Amidst the glitz and glamour, speculation and excitement, and the almost daily transfer fact and faction that appears to be commonplace at the City of Manchester Stadium these days, there is one player who is very quietly, but effectively, going about his business.
That man is Stephen Ireland.
On 22nd November I visited the City of Manchester stadium to watch my team Arsenal take on the Premiership's newest billionaires, Manchester City. The next ninety minutes as an Arsenal fan were very disappointing.
But one City player that day distracted my attention away from my own team's failings, and you know what? He wasn't even Brazilian!
Stephen Ireland put in a performance which deserved far more credit than it actually received.
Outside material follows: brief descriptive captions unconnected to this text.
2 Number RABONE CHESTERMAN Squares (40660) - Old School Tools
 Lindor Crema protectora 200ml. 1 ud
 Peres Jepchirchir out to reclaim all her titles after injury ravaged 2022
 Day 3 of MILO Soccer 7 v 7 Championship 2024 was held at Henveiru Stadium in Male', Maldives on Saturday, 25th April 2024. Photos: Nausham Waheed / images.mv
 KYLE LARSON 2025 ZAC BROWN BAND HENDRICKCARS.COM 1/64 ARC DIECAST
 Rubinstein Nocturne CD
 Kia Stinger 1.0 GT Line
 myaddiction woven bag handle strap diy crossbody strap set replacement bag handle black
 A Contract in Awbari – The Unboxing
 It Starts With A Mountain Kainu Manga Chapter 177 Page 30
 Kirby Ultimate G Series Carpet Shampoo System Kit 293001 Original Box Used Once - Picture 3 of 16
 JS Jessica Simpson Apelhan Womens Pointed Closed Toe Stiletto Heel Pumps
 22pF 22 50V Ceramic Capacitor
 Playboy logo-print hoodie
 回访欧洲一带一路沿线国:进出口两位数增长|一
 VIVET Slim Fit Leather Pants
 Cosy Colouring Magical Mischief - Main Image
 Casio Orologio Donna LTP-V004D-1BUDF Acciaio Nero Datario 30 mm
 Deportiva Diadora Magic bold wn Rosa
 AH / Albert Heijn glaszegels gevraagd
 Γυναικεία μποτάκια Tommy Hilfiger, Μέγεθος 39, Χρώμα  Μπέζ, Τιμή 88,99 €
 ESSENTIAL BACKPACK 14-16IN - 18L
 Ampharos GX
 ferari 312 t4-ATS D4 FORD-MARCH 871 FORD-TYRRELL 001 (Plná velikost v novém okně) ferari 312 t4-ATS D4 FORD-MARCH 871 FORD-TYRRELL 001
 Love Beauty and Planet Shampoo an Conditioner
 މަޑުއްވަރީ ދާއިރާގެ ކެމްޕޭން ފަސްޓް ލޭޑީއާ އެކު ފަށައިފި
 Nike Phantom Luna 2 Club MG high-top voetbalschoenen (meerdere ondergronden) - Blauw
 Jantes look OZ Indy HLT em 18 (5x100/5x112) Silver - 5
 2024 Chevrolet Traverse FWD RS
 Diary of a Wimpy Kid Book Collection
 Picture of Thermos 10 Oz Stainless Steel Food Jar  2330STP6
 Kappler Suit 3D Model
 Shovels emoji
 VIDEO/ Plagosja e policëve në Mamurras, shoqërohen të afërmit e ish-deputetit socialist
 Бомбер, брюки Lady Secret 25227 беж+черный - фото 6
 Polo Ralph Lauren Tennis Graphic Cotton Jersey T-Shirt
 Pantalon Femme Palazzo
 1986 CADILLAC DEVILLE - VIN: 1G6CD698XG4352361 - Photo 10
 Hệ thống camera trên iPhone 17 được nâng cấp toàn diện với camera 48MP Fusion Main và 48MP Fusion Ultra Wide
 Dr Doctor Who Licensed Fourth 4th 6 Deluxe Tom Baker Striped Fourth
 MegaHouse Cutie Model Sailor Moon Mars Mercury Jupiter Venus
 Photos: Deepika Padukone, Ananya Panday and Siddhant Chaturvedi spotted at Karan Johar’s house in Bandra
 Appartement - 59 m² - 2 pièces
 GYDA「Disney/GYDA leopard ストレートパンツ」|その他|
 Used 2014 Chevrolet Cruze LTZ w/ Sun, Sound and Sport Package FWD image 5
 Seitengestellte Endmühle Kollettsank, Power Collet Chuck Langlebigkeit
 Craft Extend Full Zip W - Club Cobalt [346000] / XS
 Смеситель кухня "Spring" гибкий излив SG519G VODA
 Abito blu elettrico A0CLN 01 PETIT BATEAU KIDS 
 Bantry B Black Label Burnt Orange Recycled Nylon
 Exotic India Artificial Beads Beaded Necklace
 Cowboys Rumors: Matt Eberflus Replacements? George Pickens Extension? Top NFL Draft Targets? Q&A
Aside from his goal, which defensive errors aside was actually a wonderful instinctive finish, Ireland played the game like a man possessed—charging round the field after every second ball.
While his determined breaking runs from midfield wreaked havoc with the Arsenal team time and time again, he still retained that wonderfully skillful and intelligent play-making edge that marked him out as a prospect upon his debut for Manchester City.
Stephen Ireland is a player who I must confess I've always rather admired. I remember being impressed when I first saw him play for Manchester City, he had a wonderful touch and poise that impressed me in one so young.
He looked a little lightweight, but he was inventive and creative, qualities which City's midfield were lacking at the time, and I felt he could really go on and prove himself to be a good player at the highest level.
Since then, perhaps his development has not been as smooth as the player himself would have probably liked. Certainly the fallout of Granny-gate, and the incident with him dropping his shorts (revealing a fetching pair of superman boxer shorts which the City fans still sing about-hence his nickname) whilst celebrating a goal last season, which though humorous, gave the impression not of a maturing young player but rather an impetuous youth still messing around on the football pitch.
But this season has certainly been the making of him, perhaps chastened by the criticisms of last season, and the near prospect of the club selling him on to Sunderland no less, Ireland has remodelled himself, and his game, and made himself an invaluable player for City.
Ireland spent this summer working hard with a new training regime, beginning his pre-season earlier than the rest of the City players. He worked more on building up the physical side of his game, doing weights, working with a martial arts trainer and sprinting up hills, all of which have combined to make him physically stronger and in a sense toughen him up.
The results, have perhaps exceed even the player's own expectations. Ireland has been a revelation for Manchester City, scoring six goals, including a brace against Hull City, and has arguably been the club's standout performer—quite an achievement with Robinho in the same team.
The new Ireland melds brain with brawn, maintaining his natural ability, flair, and creativity with a physicality that enables him to perform more effectively. Ireland's pace has quickened, and his stamina improved, giving him the speed and energy by which he can drive from box to box for ninety minutes.
Also he has been far more cute in timing his runs into the box, which has allowed him to get into goalscoring positions on a more regular basis—he has two more goals already this season than he had the whole of last season, illustrating how much more effective this new Ireland is compared with last season.
So what next for Ireland?
The challenge for him will undoubtedly be maintaining his wonderful form, and with more transfer activity likely in January at Manchester City, he'll be under increasing pressure to maintain his place.
But should he continue his startling rate of progress then this news should not worry him, as he can look forward to a place in the City team for some time yet.
Because, like the comic book hero which the Manchester City fans have affectionately labelled him, Stephen Ireland is really starting to fly.